MEMPHIS, TN - Honoring our nation's men and women who fought and sacrificed for our freedom. This Veterans Day we say thank you for their service. Ceremonies took place across the Mid-South Thursday to pay tribute to military members past and present.
The largest group of World War II veterans in the Mid-South came together at Kirby Pines Retirement Center. These heroes, part of "the greatest generation," may be dwindling in numbers, but their fight is as strong as ever. There were also veterans from other wars, including Korea and Vietnam.
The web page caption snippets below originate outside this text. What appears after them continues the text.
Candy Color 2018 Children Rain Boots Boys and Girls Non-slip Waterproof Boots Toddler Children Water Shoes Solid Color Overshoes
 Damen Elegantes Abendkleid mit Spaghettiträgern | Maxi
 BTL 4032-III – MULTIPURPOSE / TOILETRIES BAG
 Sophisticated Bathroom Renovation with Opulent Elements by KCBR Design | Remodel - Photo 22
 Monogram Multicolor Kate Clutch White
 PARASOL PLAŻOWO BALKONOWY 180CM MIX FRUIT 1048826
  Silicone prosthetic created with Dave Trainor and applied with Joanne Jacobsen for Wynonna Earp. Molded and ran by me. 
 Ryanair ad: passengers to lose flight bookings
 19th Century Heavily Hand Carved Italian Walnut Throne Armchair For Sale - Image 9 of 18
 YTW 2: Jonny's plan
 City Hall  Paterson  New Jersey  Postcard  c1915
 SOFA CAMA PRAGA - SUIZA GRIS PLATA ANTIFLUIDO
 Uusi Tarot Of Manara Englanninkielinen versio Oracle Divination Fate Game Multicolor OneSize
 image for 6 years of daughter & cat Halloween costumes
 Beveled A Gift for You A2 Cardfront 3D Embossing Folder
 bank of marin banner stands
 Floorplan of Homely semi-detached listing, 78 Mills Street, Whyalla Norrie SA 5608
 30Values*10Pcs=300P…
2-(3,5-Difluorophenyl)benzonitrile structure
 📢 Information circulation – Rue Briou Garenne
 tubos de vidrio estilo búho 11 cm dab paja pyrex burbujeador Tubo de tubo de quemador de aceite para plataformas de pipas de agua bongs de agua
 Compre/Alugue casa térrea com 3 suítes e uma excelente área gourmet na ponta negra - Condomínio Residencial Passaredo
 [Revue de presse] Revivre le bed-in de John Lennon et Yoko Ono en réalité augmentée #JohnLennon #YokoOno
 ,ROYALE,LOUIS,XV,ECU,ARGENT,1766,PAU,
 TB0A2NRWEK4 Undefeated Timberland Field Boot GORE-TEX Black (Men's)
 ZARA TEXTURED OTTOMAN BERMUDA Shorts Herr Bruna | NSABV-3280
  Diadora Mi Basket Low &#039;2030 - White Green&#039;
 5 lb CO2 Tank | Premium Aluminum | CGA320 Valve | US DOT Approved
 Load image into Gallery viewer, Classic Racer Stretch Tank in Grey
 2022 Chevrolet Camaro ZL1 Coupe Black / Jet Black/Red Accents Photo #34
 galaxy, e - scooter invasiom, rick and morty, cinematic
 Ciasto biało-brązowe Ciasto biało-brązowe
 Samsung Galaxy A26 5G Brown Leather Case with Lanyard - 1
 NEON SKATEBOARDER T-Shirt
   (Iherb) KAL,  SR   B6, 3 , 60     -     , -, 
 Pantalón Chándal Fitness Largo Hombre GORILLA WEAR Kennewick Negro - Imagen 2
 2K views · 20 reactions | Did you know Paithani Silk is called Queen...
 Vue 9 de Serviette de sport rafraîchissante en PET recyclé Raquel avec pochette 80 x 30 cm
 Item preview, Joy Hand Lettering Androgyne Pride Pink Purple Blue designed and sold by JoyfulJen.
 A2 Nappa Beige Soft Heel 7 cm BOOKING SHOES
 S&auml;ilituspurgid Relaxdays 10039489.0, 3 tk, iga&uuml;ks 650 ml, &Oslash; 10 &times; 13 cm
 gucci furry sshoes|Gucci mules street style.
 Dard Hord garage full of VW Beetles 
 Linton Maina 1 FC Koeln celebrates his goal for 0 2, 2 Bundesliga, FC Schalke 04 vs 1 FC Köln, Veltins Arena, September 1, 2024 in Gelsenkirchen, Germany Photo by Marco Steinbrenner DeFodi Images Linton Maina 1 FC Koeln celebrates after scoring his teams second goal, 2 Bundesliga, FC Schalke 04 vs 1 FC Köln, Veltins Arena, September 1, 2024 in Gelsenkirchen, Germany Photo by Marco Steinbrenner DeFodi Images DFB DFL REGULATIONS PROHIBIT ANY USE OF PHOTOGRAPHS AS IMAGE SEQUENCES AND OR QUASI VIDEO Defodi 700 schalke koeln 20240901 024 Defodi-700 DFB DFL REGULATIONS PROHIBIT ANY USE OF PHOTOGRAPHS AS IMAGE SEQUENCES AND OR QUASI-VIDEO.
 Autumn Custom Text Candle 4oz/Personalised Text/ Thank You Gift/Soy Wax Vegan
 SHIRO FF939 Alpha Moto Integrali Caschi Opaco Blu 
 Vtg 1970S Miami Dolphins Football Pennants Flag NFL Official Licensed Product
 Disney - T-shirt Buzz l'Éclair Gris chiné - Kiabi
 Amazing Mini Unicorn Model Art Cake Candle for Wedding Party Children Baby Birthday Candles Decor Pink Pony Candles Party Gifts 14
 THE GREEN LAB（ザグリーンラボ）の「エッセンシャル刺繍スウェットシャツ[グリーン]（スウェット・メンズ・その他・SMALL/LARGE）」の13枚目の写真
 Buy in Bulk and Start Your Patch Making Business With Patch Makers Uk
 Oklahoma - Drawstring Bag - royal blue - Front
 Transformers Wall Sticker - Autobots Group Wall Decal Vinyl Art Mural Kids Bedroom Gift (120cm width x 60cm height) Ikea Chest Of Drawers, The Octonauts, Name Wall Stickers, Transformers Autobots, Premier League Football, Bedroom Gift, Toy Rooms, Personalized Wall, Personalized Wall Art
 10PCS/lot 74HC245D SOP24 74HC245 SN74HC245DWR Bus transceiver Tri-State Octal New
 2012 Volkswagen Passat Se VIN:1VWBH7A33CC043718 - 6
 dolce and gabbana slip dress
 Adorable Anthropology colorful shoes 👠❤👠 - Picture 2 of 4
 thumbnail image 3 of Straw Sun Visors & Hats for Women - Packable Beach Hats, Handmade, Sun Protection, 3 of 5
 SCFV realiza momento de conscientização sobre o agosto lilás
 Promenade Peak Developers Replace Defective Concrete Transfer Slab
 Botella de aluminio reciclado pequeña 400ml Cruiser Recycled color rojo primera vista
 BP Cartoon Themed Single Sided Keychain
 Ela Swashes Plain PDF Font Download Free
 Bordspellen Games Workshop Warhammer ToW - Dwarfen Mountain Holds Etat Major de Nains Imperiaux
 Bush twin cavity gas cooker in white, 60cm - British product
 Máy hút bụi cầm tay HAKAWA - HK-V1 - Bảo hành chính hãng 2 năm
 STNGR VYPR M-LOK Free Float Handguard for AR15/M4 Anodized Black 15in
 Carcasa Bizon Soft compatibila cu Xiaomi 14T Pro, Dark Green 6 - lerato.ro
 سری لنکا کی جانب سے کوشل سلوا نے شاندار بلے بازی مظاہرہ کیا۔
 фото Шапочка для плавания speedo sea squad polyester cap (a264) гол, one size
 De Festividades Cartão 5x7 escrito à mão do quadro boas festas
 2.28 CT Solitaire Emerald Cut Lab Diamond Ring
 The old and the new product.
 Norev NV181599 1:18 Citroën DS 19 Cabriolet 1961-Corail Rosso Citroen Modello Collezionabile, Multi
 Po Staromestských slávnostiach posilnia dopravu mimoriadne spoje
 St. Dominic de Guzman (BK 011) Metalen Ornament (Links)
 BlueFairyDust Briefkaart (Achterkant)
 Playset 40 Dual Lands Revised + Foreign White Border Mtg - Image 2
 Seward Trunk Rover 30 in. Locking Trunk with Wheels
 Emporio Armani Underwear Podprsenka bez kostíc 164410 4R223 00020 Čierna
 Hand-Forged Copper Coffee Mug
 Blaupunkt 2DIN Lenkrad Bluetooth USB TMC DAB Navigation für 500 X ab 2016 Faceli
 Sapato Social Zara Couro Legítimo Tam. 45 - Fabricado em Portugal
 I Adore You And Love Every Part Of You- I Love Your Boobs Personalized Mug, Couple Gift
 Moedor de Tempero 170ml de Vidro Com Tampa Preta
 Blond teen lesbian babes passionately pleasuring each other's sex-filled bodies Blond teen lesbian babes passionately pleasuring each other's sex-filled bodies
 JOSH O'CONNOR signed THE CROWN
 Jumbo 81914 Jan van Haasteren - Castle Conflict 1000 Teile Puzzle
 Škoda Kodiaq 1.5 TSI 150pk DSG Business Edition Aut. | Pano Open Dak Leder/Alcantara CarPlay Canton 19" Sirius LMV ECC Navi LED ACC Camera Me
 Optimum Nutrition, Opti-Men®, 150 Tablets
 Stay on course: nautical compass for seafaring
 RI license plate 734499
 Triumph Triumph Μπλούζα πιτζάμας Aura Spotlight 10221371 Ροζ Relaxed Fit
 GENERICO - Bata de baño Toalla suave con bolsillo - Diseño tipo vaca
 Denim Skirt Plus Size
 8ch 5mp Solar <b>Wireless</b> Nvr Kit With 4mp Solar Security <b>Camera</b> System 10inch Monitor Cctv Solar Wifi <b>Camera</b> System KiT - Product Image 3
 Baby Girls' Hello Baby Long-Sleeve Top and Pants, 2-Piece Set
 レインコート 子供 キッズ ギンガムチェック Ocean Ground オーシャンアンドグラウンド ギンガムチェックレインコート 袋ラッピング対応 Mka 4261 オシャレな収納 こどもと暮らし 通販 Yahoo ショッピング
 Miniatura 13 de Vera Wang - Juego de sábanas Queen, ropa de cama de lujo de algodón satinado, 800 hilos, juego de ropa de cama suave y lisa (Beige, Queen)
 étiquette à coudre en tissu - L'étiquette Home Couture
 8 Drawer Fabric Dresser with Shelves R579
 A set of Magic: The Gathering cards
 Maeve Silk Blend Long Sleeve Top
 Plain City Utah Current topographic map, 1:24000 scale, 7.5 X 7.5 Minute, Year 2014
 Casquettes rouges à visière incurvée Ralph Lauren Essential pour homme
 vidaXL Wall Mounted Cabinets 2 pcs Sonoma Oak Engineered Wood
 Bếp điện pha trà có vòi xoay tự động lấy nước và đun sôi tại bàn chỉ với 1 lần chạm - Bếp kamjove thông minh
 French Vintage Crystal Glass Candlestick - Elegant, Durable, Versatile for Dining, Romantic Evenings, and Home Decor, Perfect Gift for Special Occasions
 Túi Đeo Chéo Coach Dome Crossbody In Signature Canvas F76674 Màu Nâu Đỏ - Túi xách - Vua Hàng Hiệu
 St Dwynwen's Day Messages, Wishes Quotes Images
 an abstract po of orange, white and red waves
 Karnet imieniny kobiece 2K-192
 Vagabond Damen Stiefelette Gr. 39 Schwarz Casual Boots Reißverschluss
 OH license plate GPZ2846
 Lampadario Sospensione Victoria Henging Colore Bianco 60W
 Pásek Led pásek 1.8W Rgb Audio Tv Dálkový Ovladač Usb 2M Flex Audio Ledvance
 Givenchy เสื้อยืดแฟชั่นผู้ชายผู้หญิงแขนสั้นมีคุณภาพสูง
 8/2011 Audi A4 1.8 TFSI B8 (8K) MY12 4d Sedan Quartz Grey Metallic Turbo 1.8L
What they've been through is incredible.
“A veteran is a person who has signed a blank check over to the United States of America in the amount up to, and sometimes including, their lives, for the defense of our country, our flag and peace around the world,” said speaker and Master Sergeant Jim Brown.
Hundreds of people were there to honor those like Army Corporal W.T. Hardwick, who went to war on D-Day.
“That was 6th of June, 1944, and I was captured the 10th of June, 5 days later,” said Hardwick. “And I was a Prisoner of War for 10 months.”
Held captive by enemy forces, it was...
“Bad, we were in a box car for 23 days and nights without getting out,” he said. “We lost about a third of our body weight the first month we were prisoners.”
Hardwick eventually came home. But others didn't.
“I feel lucky. I feel lucky, and I hate that they are still missing. And I hate that they never did get to come home,” said Hardwick.
George King fought in Korea with the Marines.
“In my Easy Company, First Marines, 49 of us went uphill, 749 in North Korea, only nine of us came back,” said King. “So I owe a great deal of gratitude to those young men.”
With music, speeches and songs, we say thanks.
Thanks to Army Nurse Virginia Granger, who served on a hospital ship for two years during World War II.
“I am glad that I was able to serve,” she said. “I enjoyed it. We had some hard times, and we had some fun times, so it was great.”
145 veterans live in the Kirby Pines Retirement Community.
“People are beginning to realize that we veterans of World War II are fast fading away,” said Granger. “And that it's time to let them know that they're appreciated, and I feel appreciated.”
Service members old and young, we salute you.
“We went over as 17-year-old young men, we came back as 21-year-old grown men,” said King. “Because we had served according to our oath for the democracy we have here in this country.”
There are an estimated 57,000 veterans who have never been accounted for. Today, their colleagues and the community paid tribute to them as well.